▶ **Input for this task**
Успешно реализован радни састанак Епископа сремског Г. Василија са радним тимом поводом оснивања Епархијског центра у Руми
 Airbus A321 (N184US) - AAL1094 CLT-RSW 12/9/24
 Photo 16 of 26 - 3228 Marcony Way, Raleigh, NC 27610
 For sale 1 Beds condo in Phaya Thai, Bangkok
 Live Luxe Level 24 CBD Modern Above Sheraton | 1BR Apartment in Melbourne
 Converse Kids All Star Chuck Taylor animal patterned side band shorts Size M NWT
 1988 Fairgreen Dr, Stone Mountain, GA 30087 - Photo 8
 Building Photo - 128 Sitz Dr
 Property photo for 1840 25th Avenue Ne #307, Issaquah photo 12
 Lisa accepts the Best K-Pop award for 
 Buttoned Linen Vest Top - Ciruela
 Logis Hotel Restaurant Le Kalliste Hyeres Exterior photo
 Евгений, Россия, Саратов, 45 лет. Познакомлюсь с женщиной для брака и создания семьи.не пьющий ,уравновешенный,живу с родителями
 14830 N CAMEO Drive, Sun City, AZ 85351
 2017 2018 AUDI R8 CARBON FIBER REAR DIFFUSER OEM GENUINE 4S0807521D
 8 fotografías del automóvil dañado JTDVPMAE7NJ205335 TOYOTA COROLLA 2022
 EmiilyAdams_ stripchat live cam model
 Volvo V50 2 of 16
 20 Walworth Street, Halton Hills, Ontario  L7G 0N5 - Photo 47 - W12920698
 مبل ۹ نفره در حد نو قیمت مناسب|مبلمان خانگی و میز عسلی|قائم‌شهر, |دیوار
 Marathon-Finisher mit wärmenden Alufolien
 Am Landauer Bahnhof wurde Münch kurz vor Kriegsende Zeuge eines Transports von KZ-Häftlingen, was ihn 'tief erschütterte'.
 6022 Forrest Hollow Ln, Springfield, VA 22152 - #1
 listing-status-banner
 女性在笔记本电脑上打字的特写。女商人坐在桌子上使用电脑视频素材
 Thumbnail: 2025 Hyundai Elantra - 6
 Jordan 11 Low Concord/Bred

▶ **Problem**
When you reach the line that contains "Евгений, Россия, Саратов, 45" in the material above, please copy it and every line after it exactly, stopping only at the last line.

▶ **Your solution**
 Евгений, Россия, Саратов, 45 лет. Познакомлюсь с женщиной для брака и создания семьи.не пьющий ,уравновешенный,живу с родителями
 14830 N CAMEO Drive, Sun City, AZ 85351
 2017 2018 AUDI R8 CARBON FIBER REAR DIFFUSER OEM GENUINE 4S0807521D
 8 fotografías del automóvil dañado JTDVPMAE7NJ205335 TOYOTA COROLLA 2022
 EmiilyAdams_ stripchat live cam model
 Volvo V50 2 of 16
 20 Walworth Street, Halton Hills, Ontario  L7G 0N5 - Photo 47 - W12920698
 مبل ۹ نفره در حد نو قیمت مناسب|مبلمان خانگی و میز عسلی|قائم‌شهر, |دیوار
 Marathon-Finisher mit wärmenden Alufolien
 Am Landauer Bahnhof wurde Münch kurz vor Kriegsende Zeuge eines Transports von KZ-Häftlingen, was ihn 'tief erschütterte'.
 6022 Forrest Hollow Ln, Springfield, VA 22152 - #1
 listing-status-banner
 女性在笔记本电脑上打字的特写。女商人坐在桌子上使用电脑视频素材
 Thumbnail: 2025 Hyundai Elantra - 6
 Jordan 11 Low Concord/Bred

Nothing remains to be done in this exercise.